What this task involves:
Line by line, return the listing exactly, without any of the images.

Data excerpt:
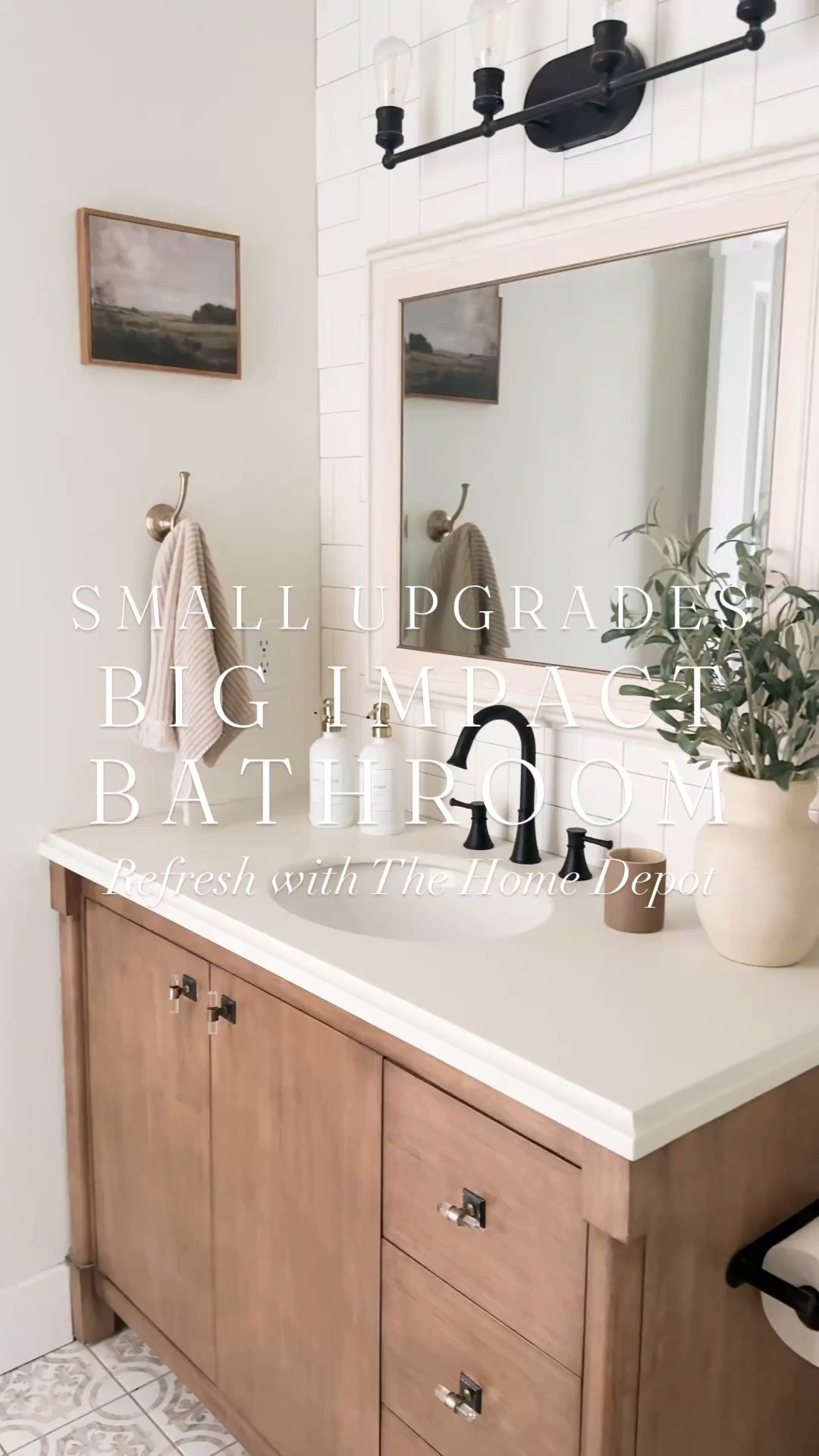 Small upgrades make a huge different in a bathroom! Love these Home Depot finds. Winter bath event going on now! 

Bathroom decor, bathroom accessories, hand towel , bath towel, bathroom storage, bathroom faucet , wall mirror, arched mirror

#LTKSaleAlert #LTKHome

Answer box:
 Small upgrades make a huge different in a bathroom! Love these Home Depot finds. Winter bath event going on now! 

Bathroom decor, bathroom accessories, hand towel , bath towel, bathroom storage, bathroom faucet , wall mirror, arched mirror

#LTKSaleAlert #LTKHome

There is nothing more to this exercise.